Nombre: Win32.Bagle.V@mm
Alias: Win32.Beagle.V@mm
Tipo: Ejecutable Backdoor Gusano Mensajero Masivo
Tamaño: 8208 bytes (empaquetado con FSG)
Descubierto: 29.03.2004
Detectado: 29.03.2004
Propagación: Alta
Peligrosidad: Media
In The Wild: Sí

Síntomas:
La presencia de las siguientes claves del registro:
[HKCU\SOFTWARE\Microsoft\Windows\CurrentVersion\Run]
"sysinfo.exe" = "%system%\sysinfo.exe"

[HKCU\SOFTWARE\Windows2005]

La presencia del siguiente fichero:
"sysinfo.exe" en la carpeta %system%

Descripción técnica:
Después de ejecutarse por primera vez, el virus verifica la fecha del ordenador y sale del sistema si la fecha es del 2005 o posterior. Luego se copia en la carpeta %system%, con el nombre "sysinfo.exe" y se registra a sí mismo para ser ejecutado con cada inicio de Windows.
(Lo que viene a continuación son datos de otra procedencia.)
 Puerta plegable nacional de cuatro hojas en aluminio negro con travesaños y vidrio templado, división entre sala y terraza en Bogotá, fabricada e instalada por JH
Si el programa es ejecutado con la línea de comando "-upd", el gusano intenta ejecutar el programa "dreder.exe" para actualizarse.
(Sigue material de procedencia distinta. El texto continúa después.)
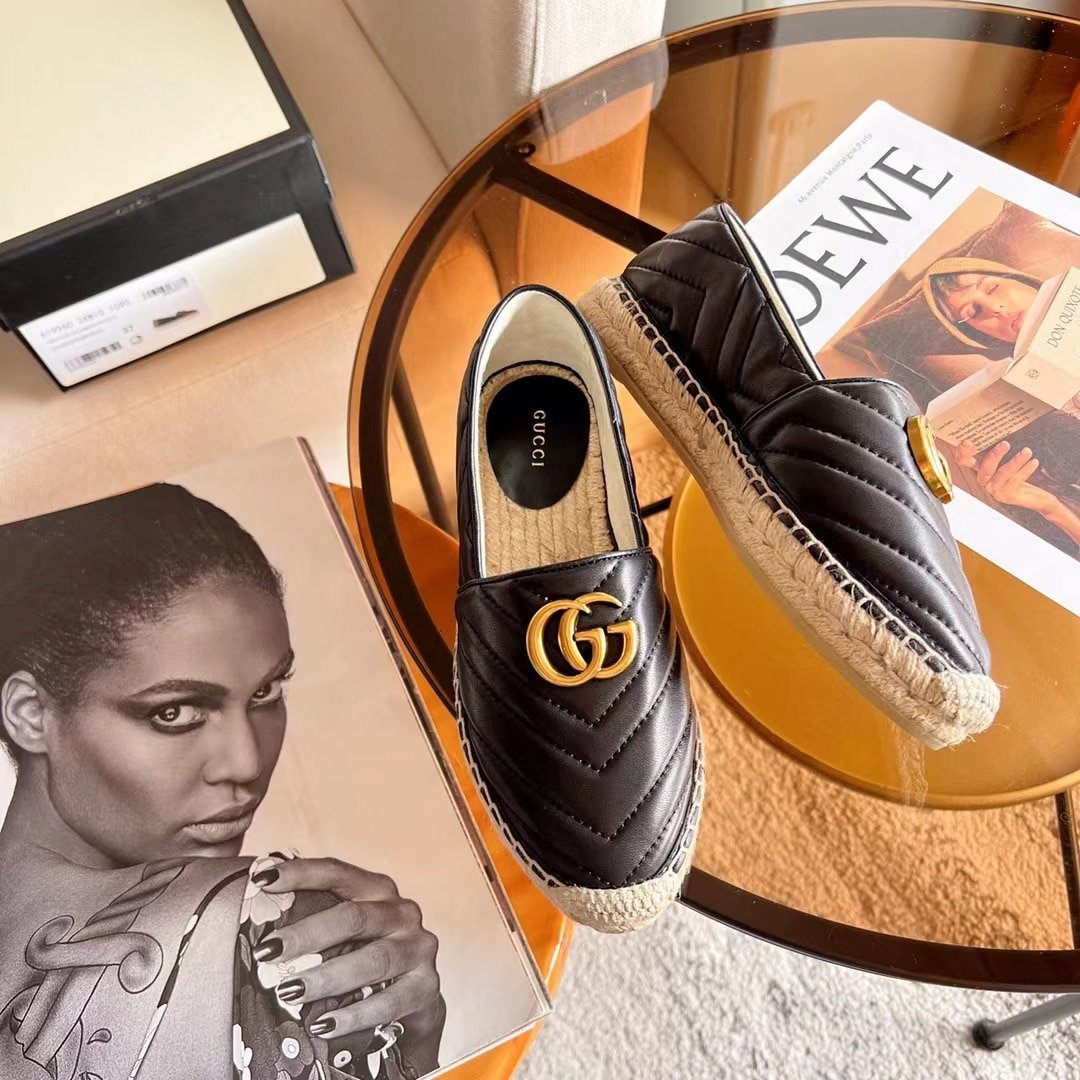Gvc*1 Espadrille Matelasse Chevron Leather With Double G Black 551890 Bko00 1000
Luego, intenta notificar su presencia, conectándose al sitio http://www.werde.de/5.php con un nombre de usuario específico y una contraseña.

El gusano busca direcciones de correo en los ficheros con las extensiones:
'.wab', '.txt', '.msg', '.htm', '.shtm', '.stm', '.xml', '.dbx', '.mbx', '.mdx', '.eml', '.nch', '.mmf', '.ods', '.cfg', '.asp', '.php', '.pl', '.wsh', '.adb', '.tbb', '.sht', '.xls', '.oft', '.uin', '.cgi', '.mht', '.dhtm', '.jsp', intentando encontrar direcciones de correo válidas.

Después se envía a todas las direcciones encontradas, salvo aquéllas cuyos dominios incluyen "avp." o "microsoft"; en todos los mensajes de correo, el nombre del archivo adjunto es "game.exe".

Desinfección:
Manual:
Finalice el proceso viral, elimine el fichero infectado y luego repare las claves del registro afectadas.